Source code for kerb.preprocessing.language

"""Language detection functionality."""

import re
from typing import List

from .enums import LanguageDetectionMode
from .types import LanguageResult



[docs]
def detect_language(
    text: str, mode: LanguageDetectionMode = LanguageDetectionMode.FAST
) -> LanguageResult:
    """Detect text language with multiple strategies.

    Uses langdetect library if available, otherwise falls back to heuristic-based
    detection supporting 50+ languages.

    Args:
        text: Input text
        mode: Detection mode
            - FAST: Quick heuristic-based detection
            - ACCURATE: Use langdetect library if available
            - SIMPLE: Basic character range detection

    Returns:
        LanguageResult with detected language and confidence

    Examples:
        >>> result = detect_language("Hello world")
        >>> result.language
        'en'
        >>> result = detect_language("Bonjour le monde")
        >>> result.language
        'fr'
        >>> result = detect_language("こんにちは世界")
        >>> result.language
        'ja'
    """
    if not text or len(text.strip()) < 3:
        return LanguageResult(language="unknown", confidence=0.0)

    # Try accurate detection with langdetect if available and requested
    if mode == LanguageDetectionMode.ACCURATE:
        try:
            from langdetect import detect_langs

            results = detect_langs(text)
            if results:
                # Return top result with alternatives
                alternatives = [(r.lang, r.prob) for r in results[1:4]]
                return LanguageResult(
                    language=results[0].lang,
                    confidence=results[0].prob,
                    alternatives=alternatives,
                )
        except ImportError:
            # Fall back to heuristic detection
            pass
        except Exception:
            # langdetect can fail on certain inputs
            pass

    # Heuristic-based detection
    return _detect_language_heuristic(text, mode)




[docs]
def detect_language_batch(
    texts: List[str], mode: LanguageDetectionMode = LanguageDetectionMode.FAST
) -> List[LanguageResult]:
    """Batch language detection.

    Args:
        texts: List of input texts
        mode: Detection mode

    Returns:
        List of LanguageResult objects

    Examples:
        >>> results = detect_language_batch(["Hello", "Bonjour"])
        >>> [r.language for r in results]
        ['en', 'fr']
    """
    return [detect_language(text, mode) for text in texts]




[docs]
def is_language(text: str, language: str, threshold: float = 0.5) -> bool:
    """Check if text is specific language.

    Args:
        text: Input text
        language: Language code to check (e.g., 'en', 'fr')
        threshold: Confidence threshold

    Returns:
        True if text is detected as specified language

    Examples:
        >>> is_language("Hello world", "en")
        True
    """
    result = detect_language(text)
    return result.language == language and result.confidence >= threshold




[docs]
def filter_by_language(
    texts: List[str], language: str, threshold: float = 0.5
) -> List[str]:
    """Filter texts by language.

    Args:
        texts: List of texts
        language: Language code to filter for
        threshold: Confidence threshold

    Returns:
        List of texts in specified language

    Examples:
        >>> filter_by_language(["Hello", "Bonjour"], "en")
        ['Hello']
    """
    return [text for text in texts if is_language(text, language, threshold)]




[docs]
def get_supported_languages() -> List[str]:
    """Get list of supported languages.

    Returns heuristic-supported languages.

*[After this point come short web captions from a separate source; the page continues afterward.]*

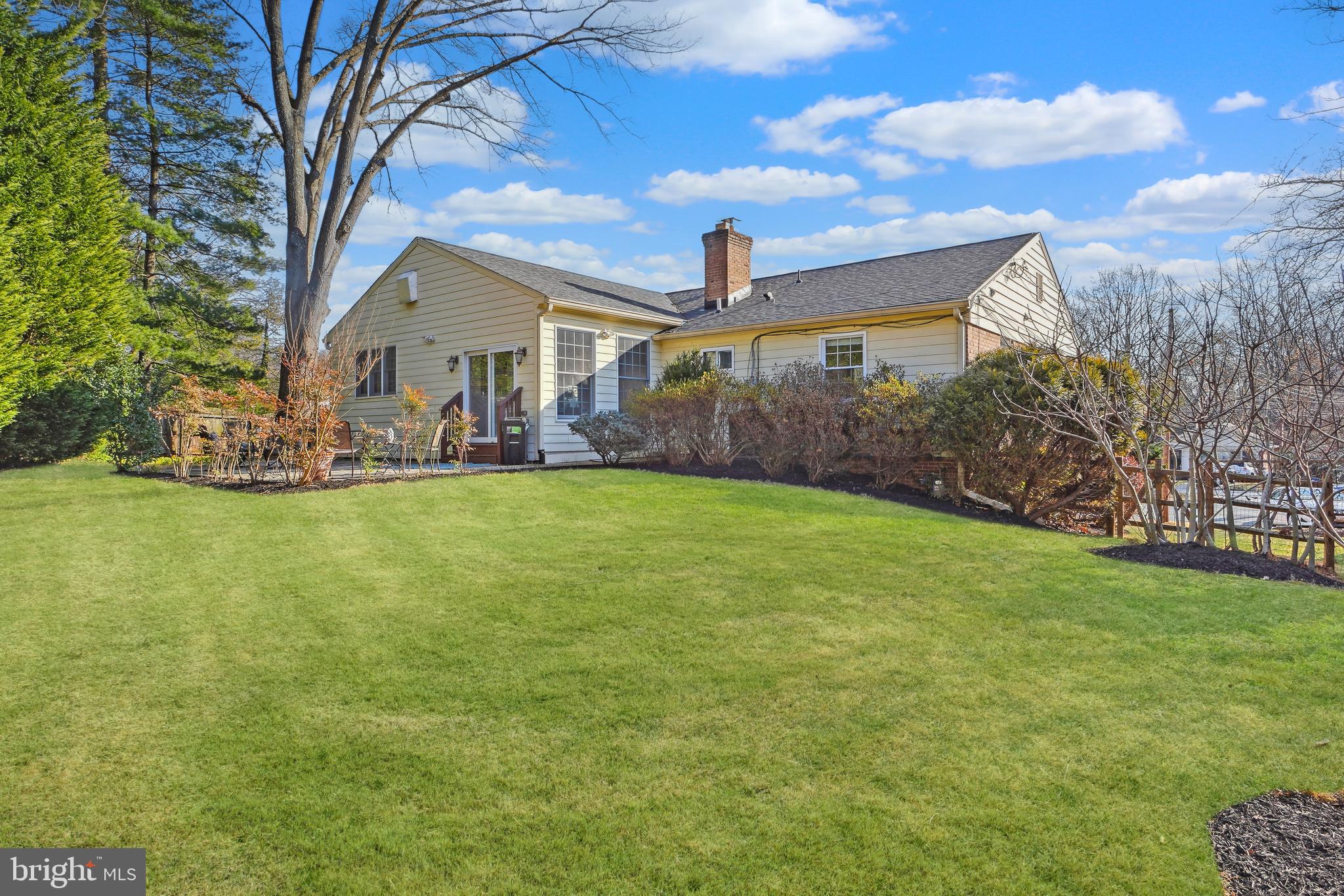 MONTGOMERY SQUARE - Residential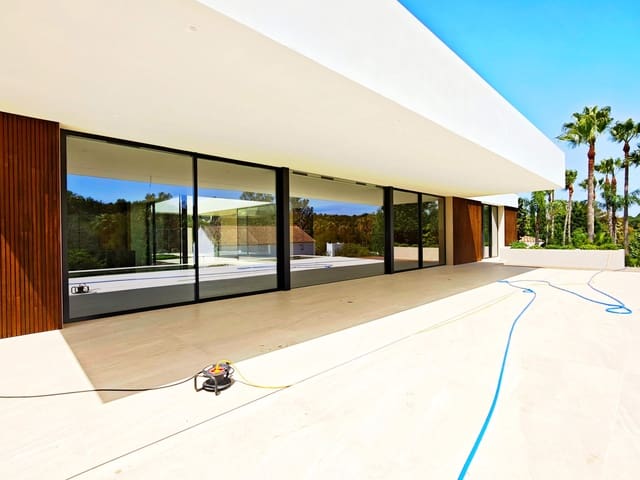 4 quarto Moradia para venda em Sotogrande Alto, San Roque com piscina garagem - 2 340 000 € (Ref: 9915862)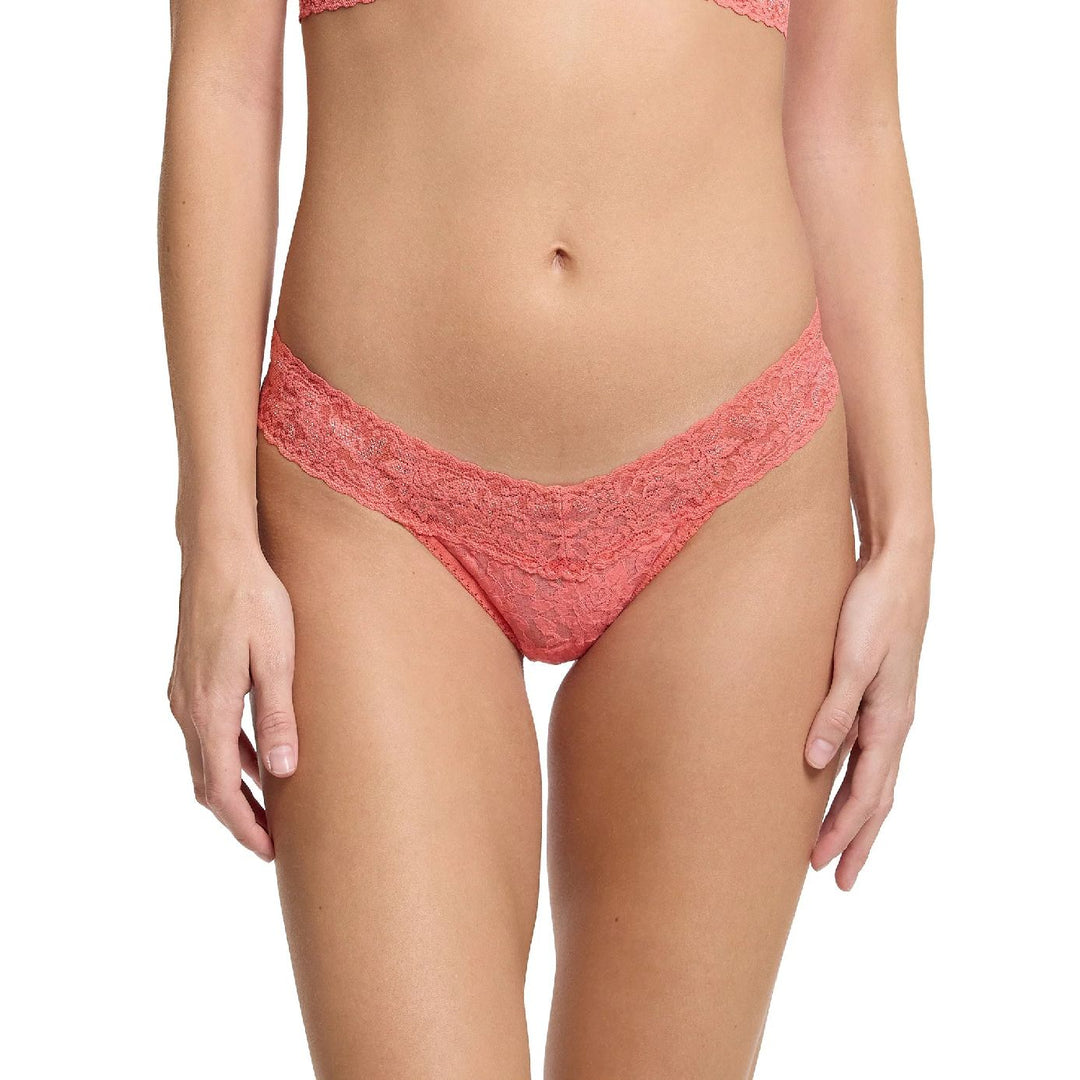 Signature Lace Low Rise Thong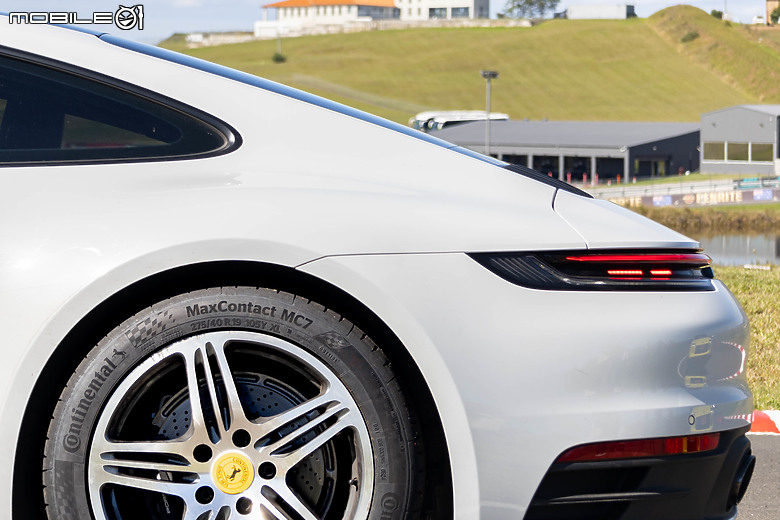 Continental MC7 澳洲試胎|專為亞太市場開發,日常通勤與操駕兼顧的運動化街胎!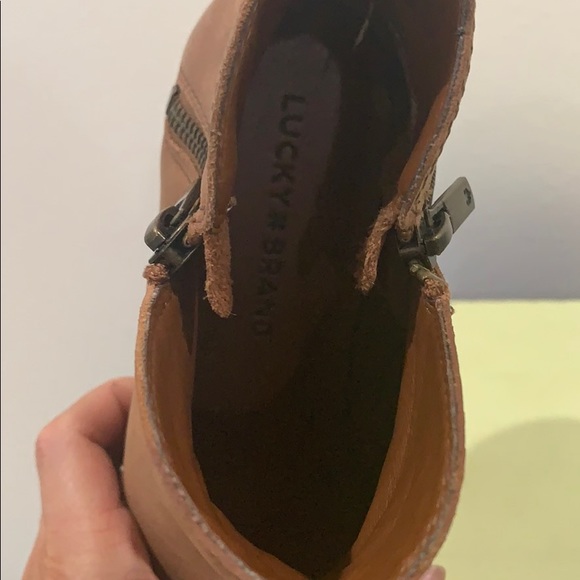 Booties in brown size 6.5 - Picture 3 of 6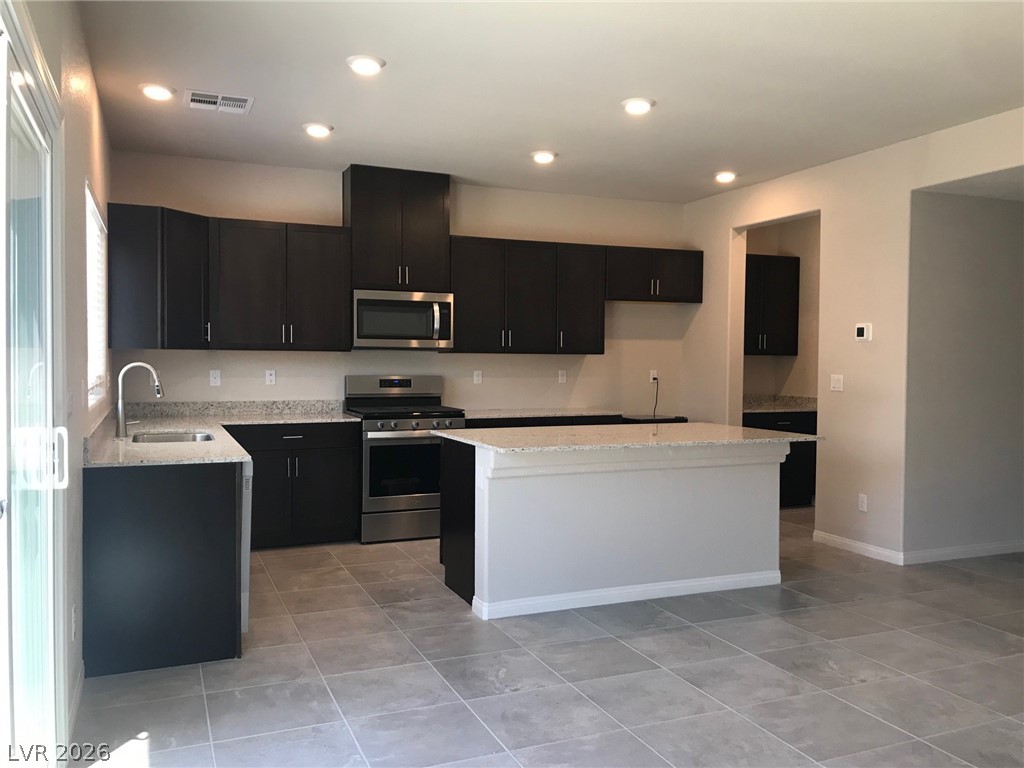 4047 Floating Fern Avenue North Las Vegas NV 89084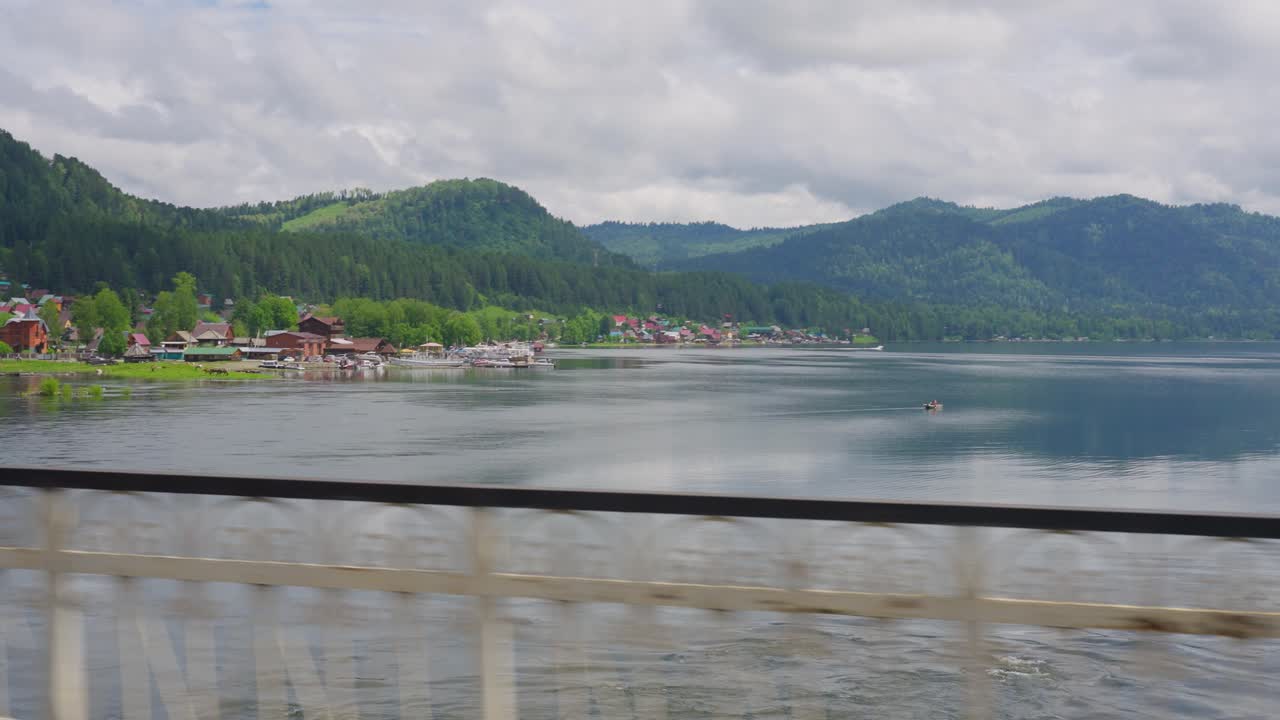 Vista del villaggio sul lago di montagna dal ponte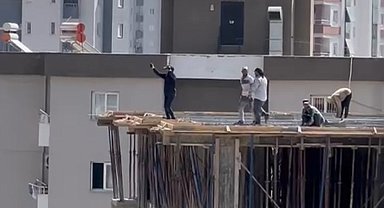 Otomobilden müzik sesi duyan işçiler 10. katta halay çekti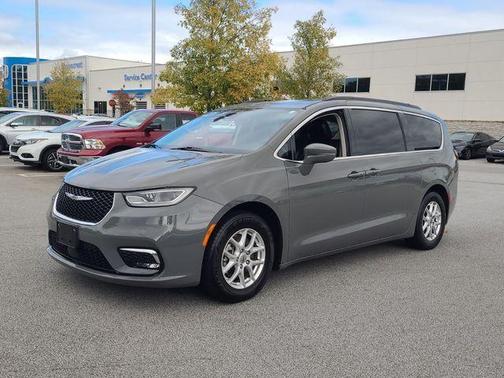 2022 Chrysler Pacifica Touring-L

With langdetect library installed,
    55+ languages are supported. Without it, 20+ languages are supported
    through character-based and pattern detection.

    Returns:
        List of language codes

    Examples:
        >>> langs = get_supported_languages()
        >>> "en" in langs
        True
        >>> len(langs) >= 20
        True
    """
    # Languages supported by heuristic detection
    heuristic_langs = [
        "en",  # English
        "fr",  # French
        "de",  # German
        "es",  # Spanish
        "pt",  # Portuguese
        "it",  # Italian
        "nl",  # Dutch
        "pl",  # Polish
        "ro",  # Romanian
        "cs",  # Czech
        "tr",  # Turkish
        "sv",  # Swedish
        "no",  # Norwegian
        "da",  # Danish
        "fi",  # Finnish
        "hu",  # Hungarian
        "ru",  # Russian
        "ar",  # Arabic
        "he",  # Hebrew
        "zh",  # Chinese
        "ja",  # Japanese
        "ko",  # Korean
        "th",  # Thai
        "hi",  # Hindi
        "el",  # Greek
        "unknown",
    ]

    try:
        # If langdetect is available, it supports 55+ languages
        from langdetect import PROFILES_DIRECTORY

        return heuristic_langs + [
            "af",
            "sq",
            "am",
            "bg",
            "bn",
            "ca",
            "hr",
            "et",
            "tl",
            "ka",
            "gu",
            "ht",
            "he",
            "id",
            "ga",
            "kn",
            "lv",
            "lt",
            "mk",
            "ml",
            "mr",
            "mn",
            "ne",
            "pa",
            "fa",
            "sk",
            "sl",
            "so",
            "sw",
            "ta",
            "te",
            "uk",
            "ur",
            "vi",
            "cy",
            "yi",
        ]
    except ImportError:
        return heuristic_langs



# ============================================================================
# Helper Functions
# ============================================================================


def _detect_language_heuristic(
    text: str, mode: LanguageDetectionMode
) -> LanguageResult:
    """Heuristic-based language detection supporting 50+ languages."""
    text_lower = text.lower()

    # Character-based script detection (highest priority)
    script_result = _detect_by_script(text)
    if script_result.confidence > 0.85:
        return script_result

    # Latin-script language detection with n-gram and diacritic analysis
    if script_result.language in ["en", "unknown"]:
        latin_result = _detect_latin_language(text_lower)
        if latin_result.confidence > 0.6:
            return latin_result

    # Return script-based result if nothing better found
    return (
        script_result
        if script_result.confidence > 0.3
        else LanguageResult(language="unknown", confidence=0.2)
    )


def _detect_by_script(text: str) -> LanguageResult:
    """Detect language by character script/range."""
    # Count characters in different Unicode ranges
    char_counts = {
        "latin": 0,
        "cyrillic": 0,
        "arabic": 0,
        "hebrew": 0,
        "cjk": 0,
        "hiragana": 0,
        "katakana": 0,
        "hangul": 0,
        "thai": 0,
        "devanagari": 0,
        "greek": 0,
    }

    for char in text:
        code = ord(char)

        # Latin (including extended)
        if (0x0041 <= code <= 0x007A) or (0x00C0 <= code <= 0x024F):
            char_counts["latin"] += 1
        # Cyrillic
        elif 0x0400 <= code <= 0x04FF:
            char_counts["cyrillic"] += 1
        # Arabic
        elif (0x0600 <= code <= 0x06FF) or (0x0750 <= code <= 0x077F):
            char_counts["arabic"] += 1
        # Hebrew
        elif 0x0590 <= code <= 0x05FF:
            char_counts["hebrew"] += 1
        # Greek
        elif 0x0370 <= code <= 0x03FF:
            char_counts["greek"] += 1
        # Devanagari (Hindi, Marathi, Nepali)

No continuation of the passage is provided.